EXERCISE AIM: In the records below, find the line with "Armario Natural Madera", then copy each line exactly until you have copied the line with "Фото Mondrian Seoul Itaewon". Leave any picture out.

DATA IN THIS EXERCISE:
/---

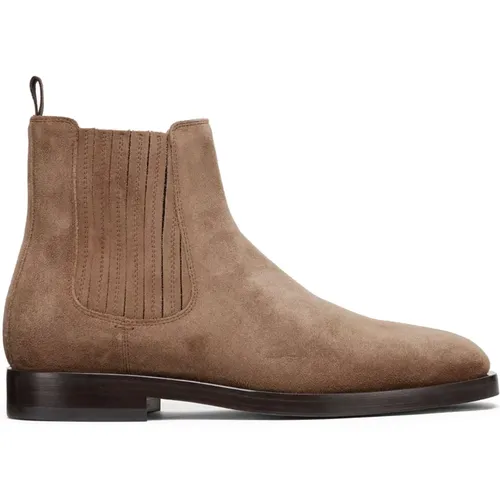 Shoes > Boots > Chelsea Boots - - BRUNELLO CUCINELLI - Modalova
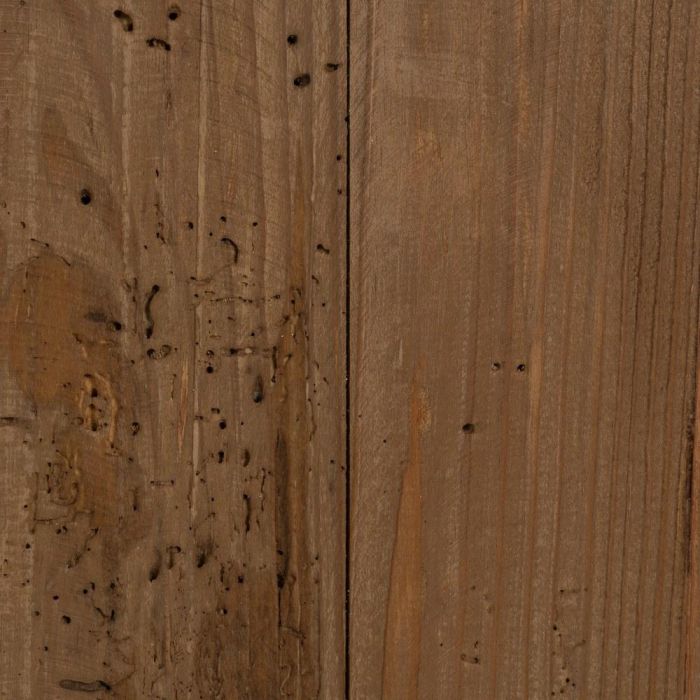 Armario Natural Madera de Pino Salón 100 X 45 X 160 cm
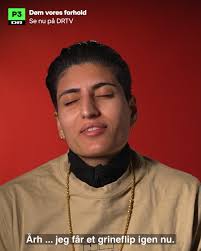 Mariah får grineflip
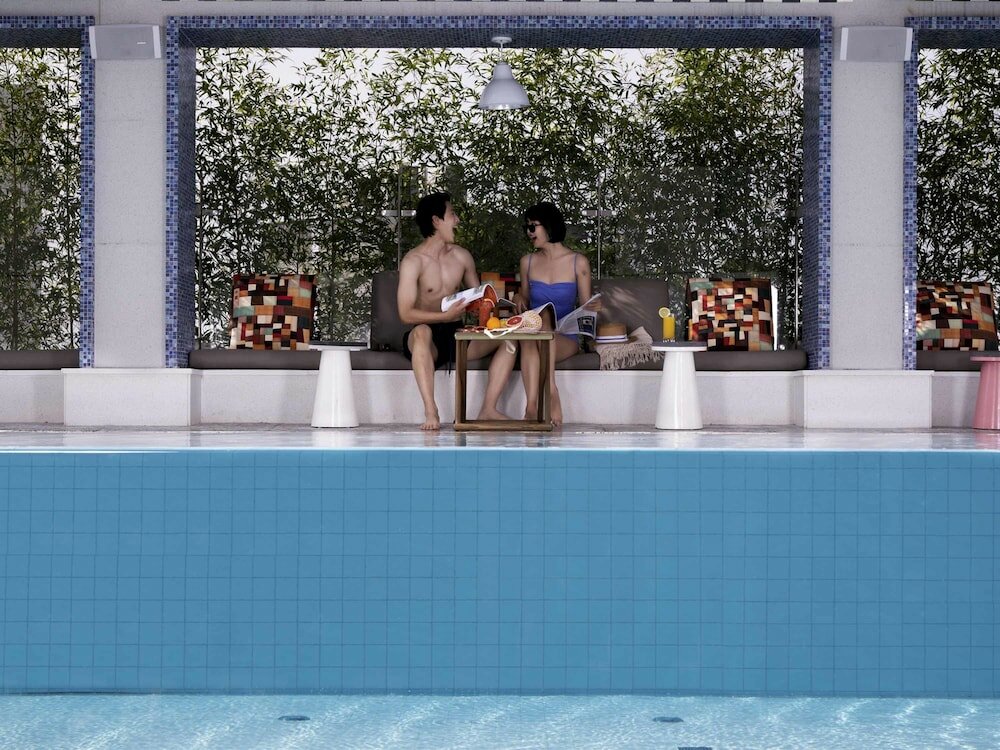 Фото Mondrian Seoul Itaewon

\---
/---

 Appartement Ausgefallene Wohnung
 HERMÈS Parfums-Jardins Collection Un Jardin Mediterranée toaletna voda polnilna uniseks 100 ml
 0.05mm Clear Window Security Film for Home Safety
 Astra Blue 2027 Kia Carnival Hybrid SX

\---

TASK ANSWER:
 Armario Natural Madera de Pino Salón 100 X 45 X 160 cm
 Mariah får grineflip
 Фото Mondrian Seoul Itaewon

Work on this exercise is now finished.